その後は 「アシックスの顔」 として米国だけでなく、欧州や日本でも人気のモデルとなってきた。10代目では ISS の研究成果がシューズの底の部分だけでなく上部にも取り入れられ、フィット性が向上した。
「伝えた」 と 「伝わった」 の違い
ゲルカヤノの事例から学べるのは、お客さんに伝えることの重要性です。
アシックスはシューズの見た目のデザインを斬新なものに変更したり、研究所と協力して機能性を数値化するなど、あの手この手で伝えようとしました。
一般的な話として、どんなに良い商品でも、その良さをお客さんに知ってもらわなければ手にとってもらえず、買ってもらえません。そこで、自社商品・サービスの特徴やお客さんへのベネフィットを伝えようとするわけですが、自分たちは伝えたと思っても、相手には伝わっているとは限りません。

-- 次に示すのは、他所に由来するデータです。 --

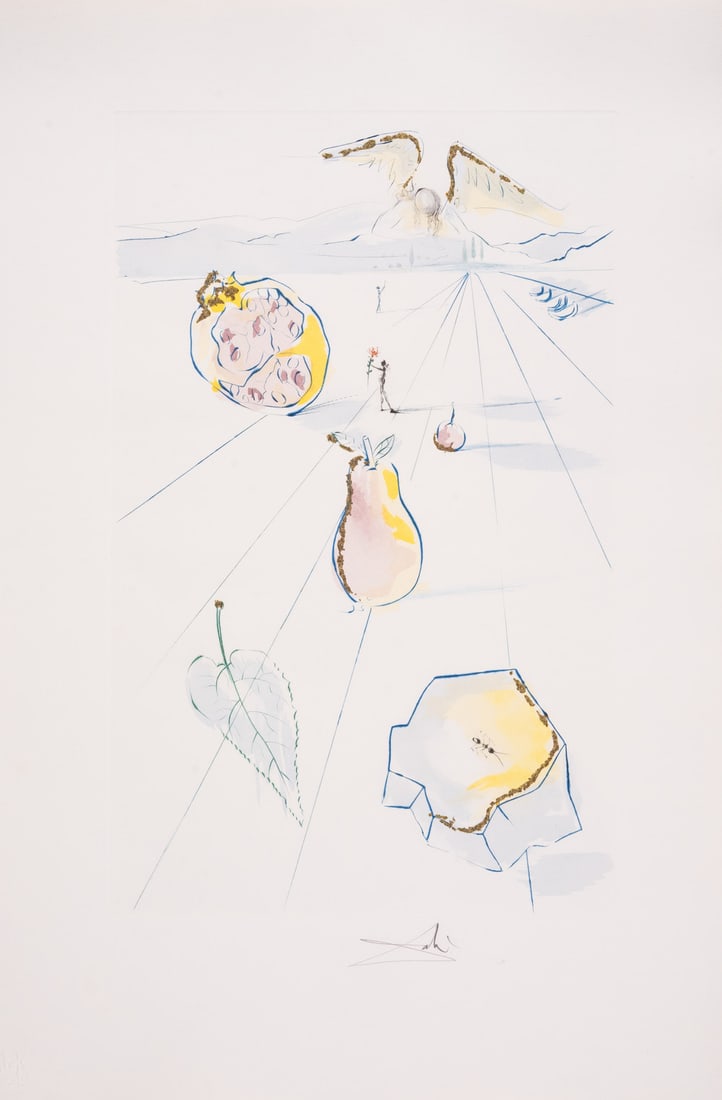 Salvador Dalí (1904-1989) I went down into the garden of nuts to see the fruits, from Songs of: Salvador Dalí (1904-1989) I went down into the garden of nuts to see the fruits, from Songs of Songs of Solomon (Field 71-17K; M&L 478c) Etching with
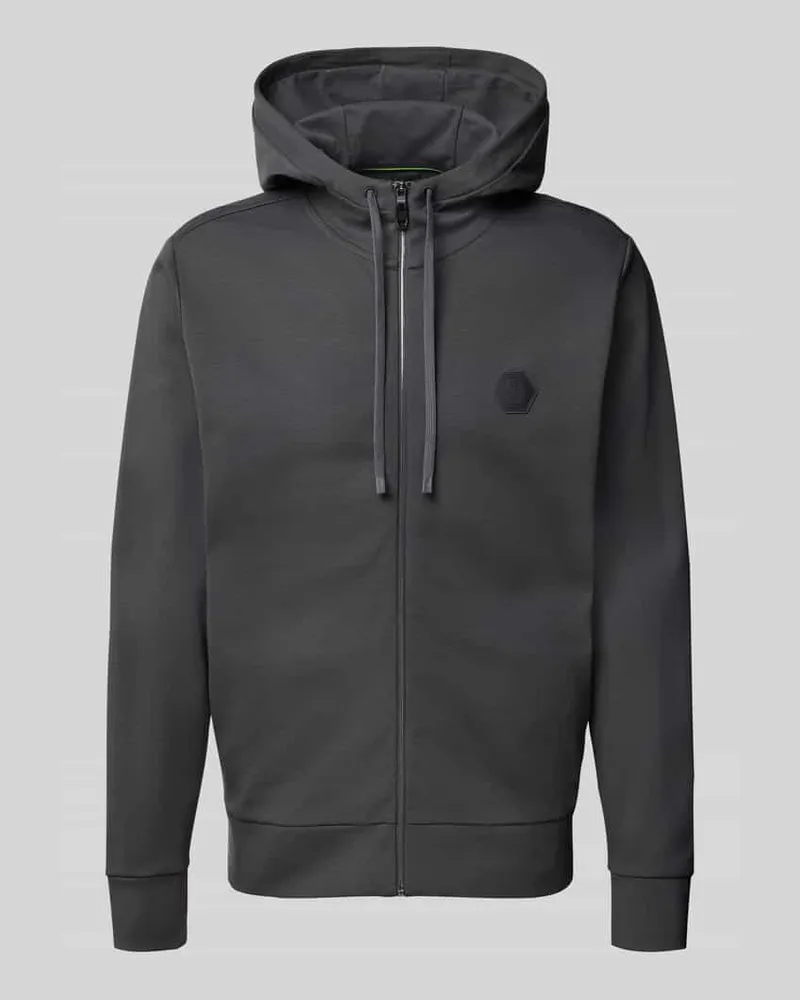 HUGO BOSS Regular Fit Sweatjacke aus Baumwoll-Mix Dunkelgrau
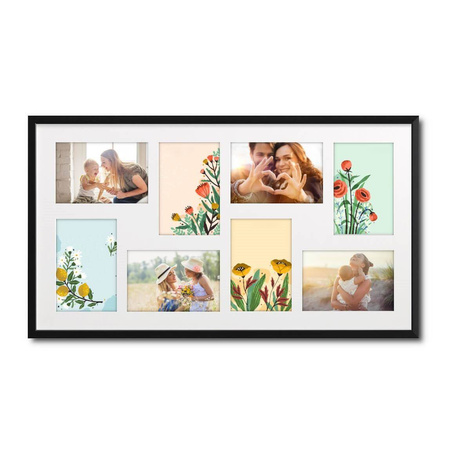 Duża ramka na wiele zdjęć czarna 33x60 cm - 8 zdjęć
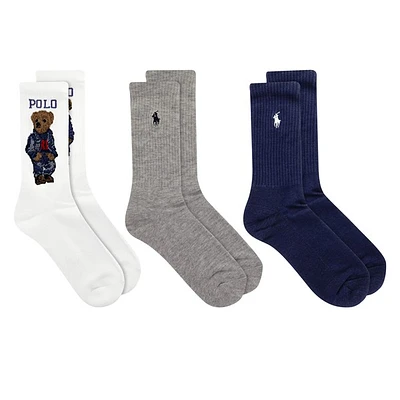 Polo Ralph Lauren Women's Three Pack Americana Sport Bear Crew Socks in White/Gray/Navy, Polyester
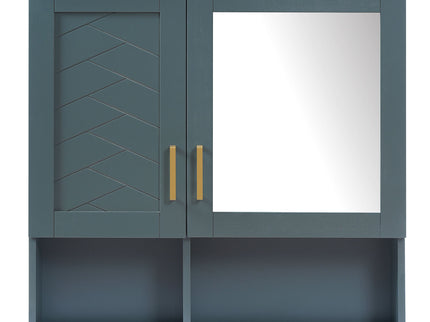2 In 1 Wall-Mounted Mirror Cabinet With Adjustable Shelves, Soft-Close Doors, High-Definition Mirror & Storage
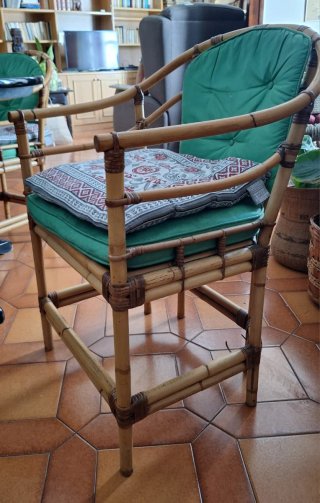 Juego 4 sillones mimbre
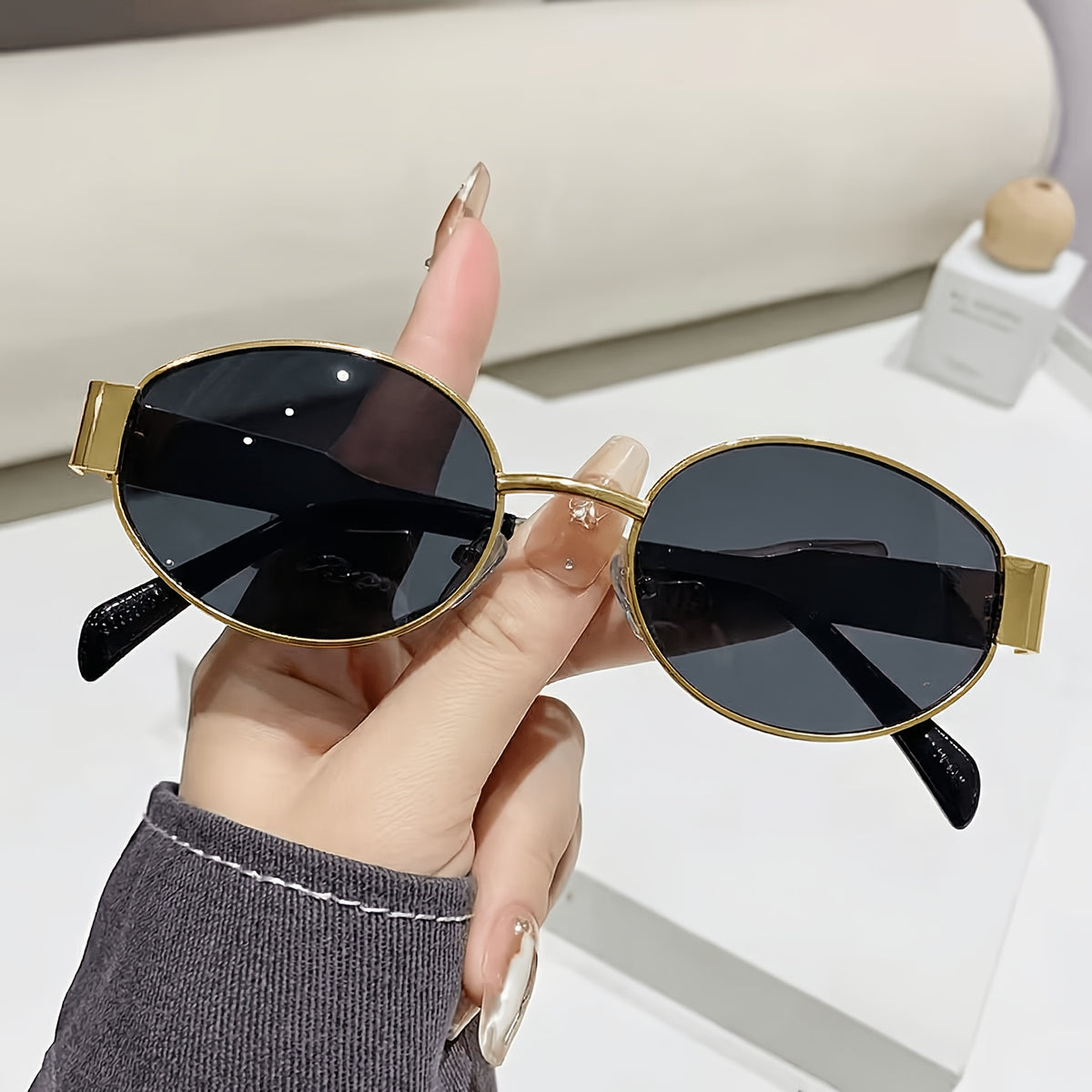 Rocco Bellano Gold Oval Sunglasses with Brown Lenses for Men & Women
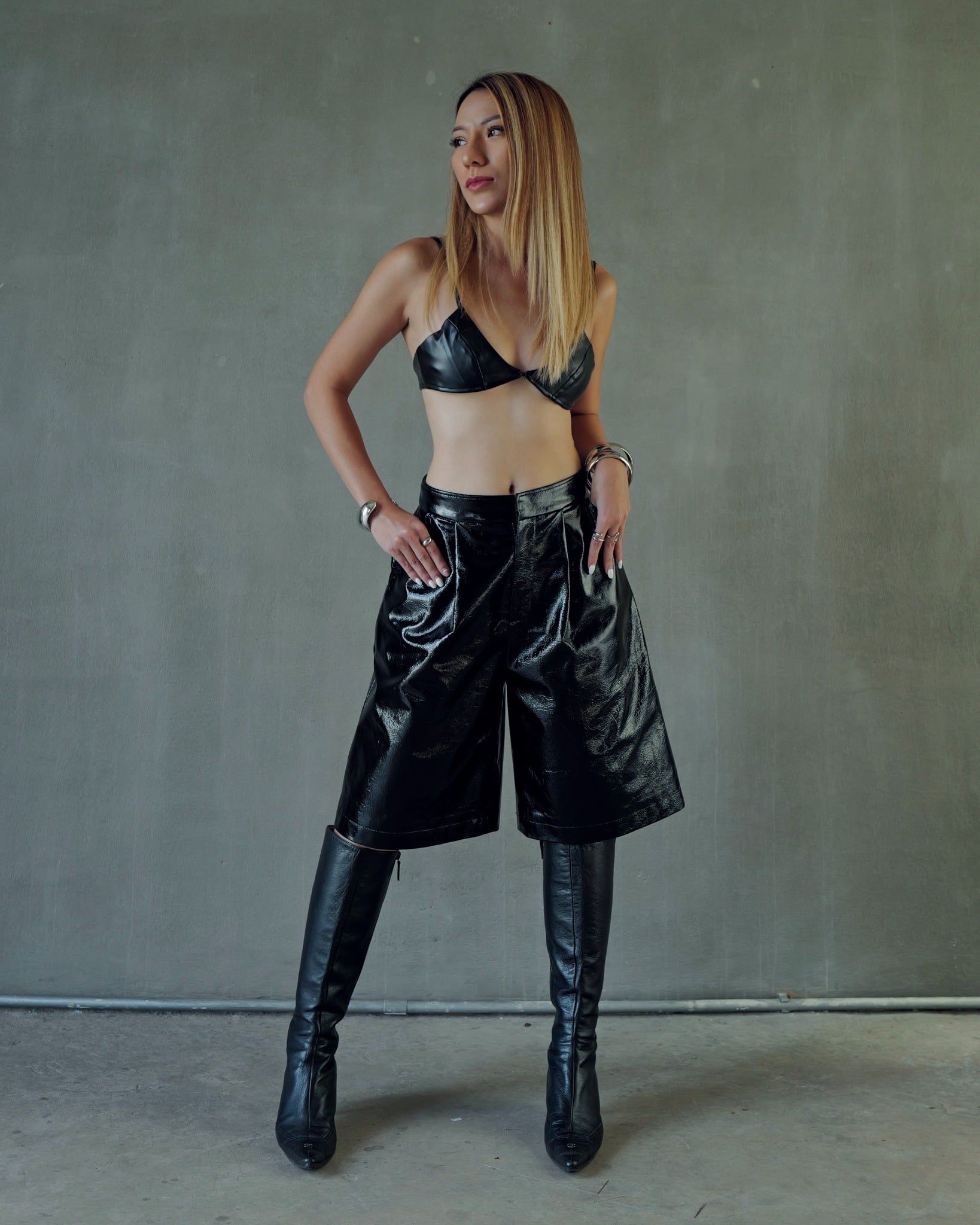 Unisex Leather Shorts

コミュニケーションにおいては、言う側の 「伝えた」 と言われた側の 「伝わった」 は同じではないのです。
自社商品は良いのに、商品が売れない原因を 「お客さんがわかっていないからだ」 と相手のせいにし、伝わっていないことを他責にしていないでしょうか。
アシックスのゲルカヤノのように、数字で見せて客観性を示したり、時には目立つパッケージデザインや売り場にして人を惹き付けるなど、「お客さんに伝えることに貪欲になっているか」 は、あらためて自分に問いかけたいことです。